The controversy surrounding the book, titled “”American Terrorist,”” and the interviews in it is that it presents McVeigh’s story of the crime and his embittered life. Tom Morganthau of Newsweek writes, “”[McVeigh] claims total responsibility for the worst act of domestic terrorism in American history”” in the book.

Families of those killed are angered by how the book approaches this still-painful subject. “”[Lou] Michel and [Dan] Herbeck have been denounced by some for exploiting tragedy, for being too willing to accept McVeigh’s version of events and for providing McVeigh with a national platform from which to advance his claim to political martyrdom,”” Morganthau stated.

Indeed, the sixth anniversary of the bombing has scratched at an unhealed wound, hurting not only the families of those killed, but all Americans. Rarely before the bombing did we consider a terrorist attack within our own borders and by our own citizens a possibility, but the explosion that ripped apart the Murrah Federal Building likewise ripped apart America’s innocence. It was a hard slap of reality for a country that had considered itself above the terrorist violence that has plagued Israel and Northern Ireland.

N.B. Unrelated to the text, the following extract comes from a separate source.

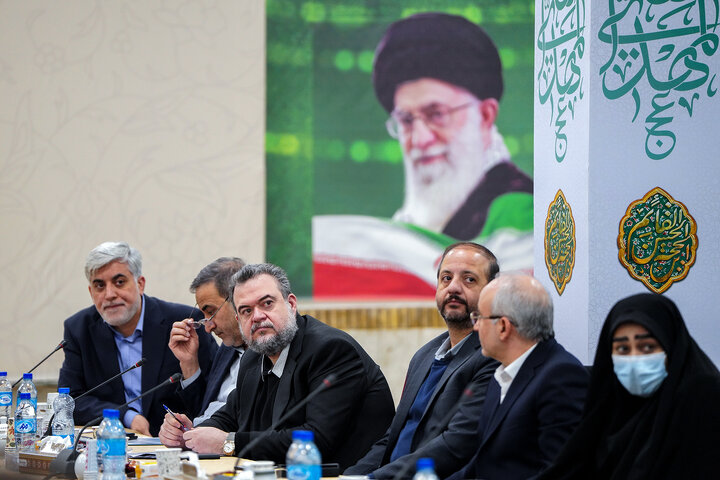 جلسه بررسی عملکرد و برنامه‌های هلدینگ گروه سلامت و دارویی برکت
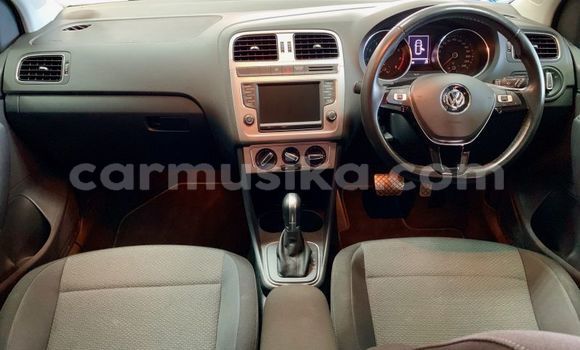 Acheter Occasion Voiture Volkswagen Polo Bleu à Beitbridge, Matabeleland South Acheter Occasion Voiture Volkswagen Polo Bleu à Beitbridge, Matabeleland South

The memory of the Oklahoma City bombing has burned itself into the fabric of American society. The writers of the book compare speaking to McVeigh with sitting down with Lee Harvey Oswald or John Wilkes Booth. This being the case, it can be easily argued that the bombing was an important and course-changing part of our history, just as integral as the assassinations of presidents John F. Kennedy and Abraham Lincoln.

Many older Americans often say that they remember distinctly what they were doing when they heard over their radios that Kennedy was assassinated in 1963. So, too, I think, can people recall what they were doing when the news of the bombing was first broadcast.

I can remember exactly what I was doing on April 19, 1995. I was still in the 10th grade and had just come home from school. I stepped in and my mom, who was starting to cook dinner at the time, told me that there was a bombing.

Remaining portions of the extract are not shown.